Overexpression of indoleamine 2,3-dioxygenase in human inflammatory bowel disease

Anna Maria Wolf, Dominik Wolf, Holger Rumpold, Alexander R. Moschen, Arthur Kaser, Peter Obrist, Dietmar Fuchs, Gerald Brandacher, Christiane Winkler, Karel Geboes, Paul Rutgeerts, Herbert Tilg

Research output: Contribution to journalArticlepeer-review

110 Scopus citations

Abstract

T-cells are causally involved in the pathogenesis of inflammatory bowel disease (IBD). The tryptophan-metabolizing enzyme indoleamine 2,3-dioxygenase (IDO) regulates T-cell proliferation and survival. We show in this report that IDO mRNA is markedly induced in lesional colonic biopsies of IBD patients. IDO is primarily expressed in CD123+ mononuclear cells infiltrating the submucosal areas of the inflamed lesions. In Crohn's disease (CD), IDO is also strongly expressed in perifollicular regions of lymphoid follicles.

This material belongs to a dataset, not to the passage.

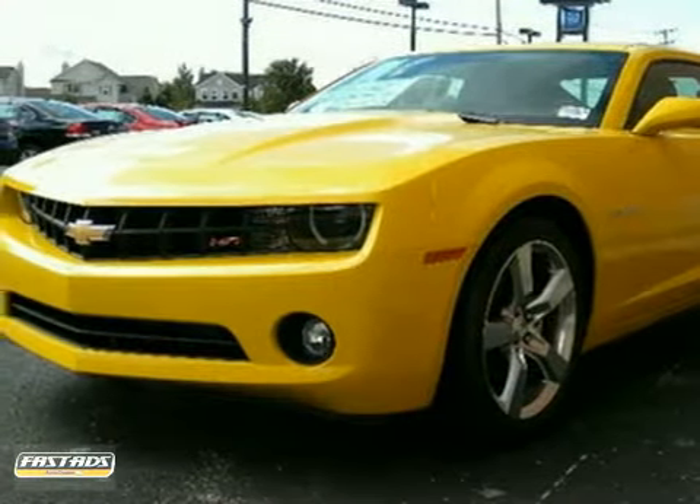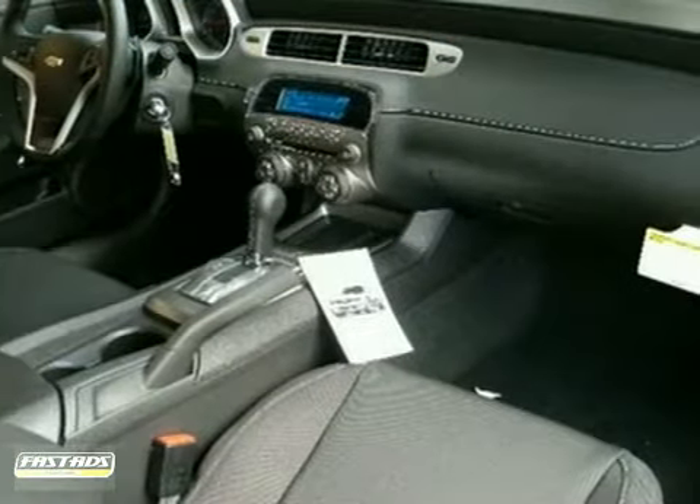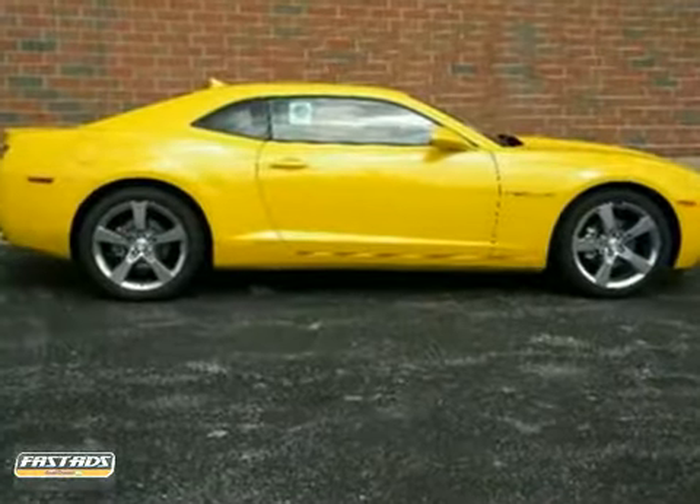You will love this 2012 Chevrolet Camaro RS. Its many features include the convenience and connectivity package, the OnStar system, and keyless entry. It has Bluetooth wireless and stability control, and it also has a theft deterrent system and a CD player.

Upregulation of IDO is of functional significance, as we detected an increase of kynurenine and of the kynurenine/tryptophan ratio in supernatants from colonic explant cultures (CECs) of CD patients. Immunohistochemistry of colonic biopsies taken from CD patients prior and after treatment with the TNF-blocking antibody Infliximab revealed reduced IDO expression in patients with good clinical response to Infliximab. In summary, high local expression of IDO may represent an anti-inflammatory mechanism tempting to counterbalance the tissue-damaging effects of activated T-cells infiltrating the colonic mucosa in IBD.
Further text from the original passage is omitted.